- Developer: Fugitive Games
- Publisher: Iceberg Interactive
- Composers: Jack Wall Jim Lordeman
- Engine: Unreal Engine 4
- Platform: Microsoft Windows
- Release: WW: March 4, 2016;
- Genre: Space combat simulator
- Mode: Single-player

= Into the Stars =

2016 video game

Into the Stars is a space simulator video game developed by Fugitive Games, a development team made up of former EA DICE and Spark Unlimited developers, and published by Iceberg Interactive. Following a successful Kickstarter crowdfunding campaign, the game was greenlit and went into the Steam Early Access program.

The goal of the Into the Stars is to reach the planet of Titus Nova, with one large "capital" spaceship and a limited amount of supplies. In order to achieve this the player must visit other planets to gather resources, negotiate with alien species, and attempt to escape the pursuit of an enemy threat known as the Skorn.

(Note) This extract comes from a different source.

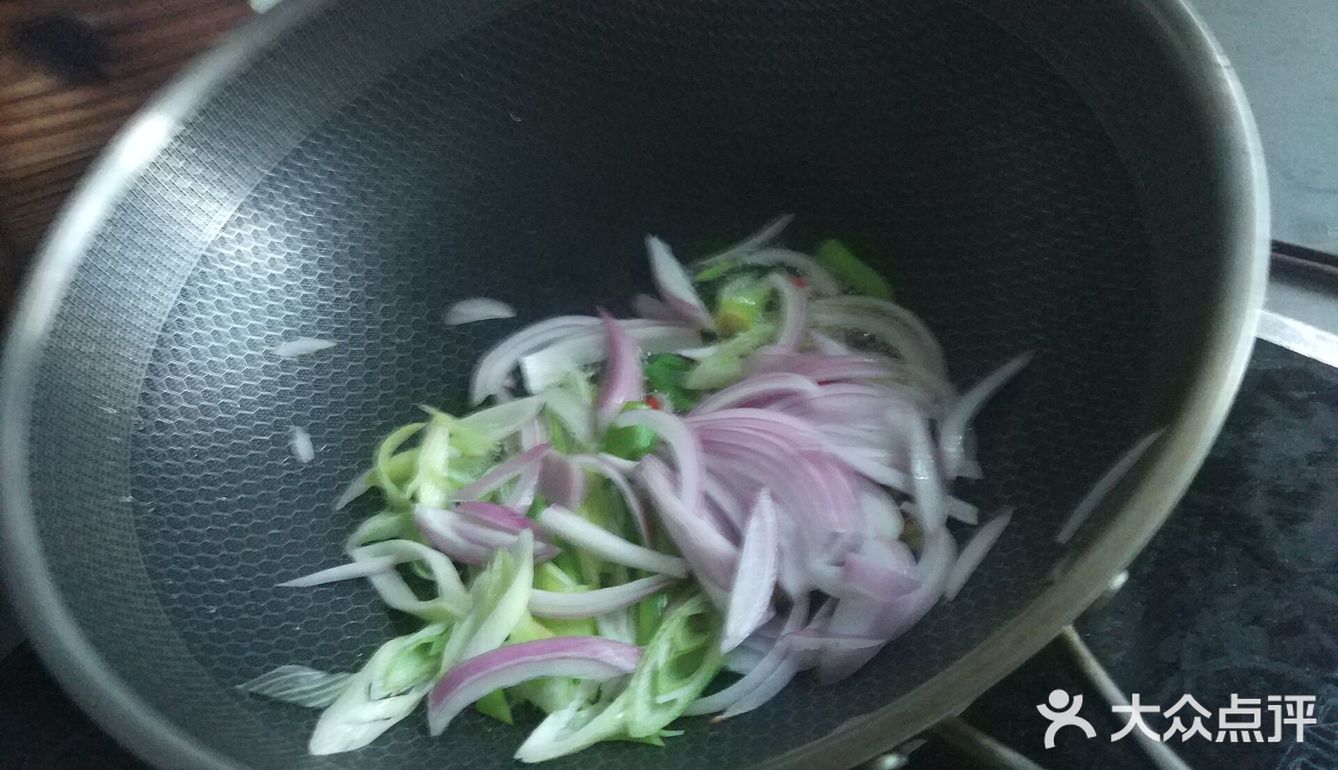 豆瓣酱辣炒花蛤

Fugitive Games cited The Oregon Trail and FTL: Faster Than Light among their inspirations for the game.

== Reception ==
On Metacritic, Into the Stars received "mixed or average reviews". Don Saas of GameSpot rated it 6/10 stars. Saas praised the game's graphics, resource management, and the detailed character backgrounds, but he said that the unchanging map limits replayability. He also found the game's difficulty inconsistent and too dependent on punishing random events.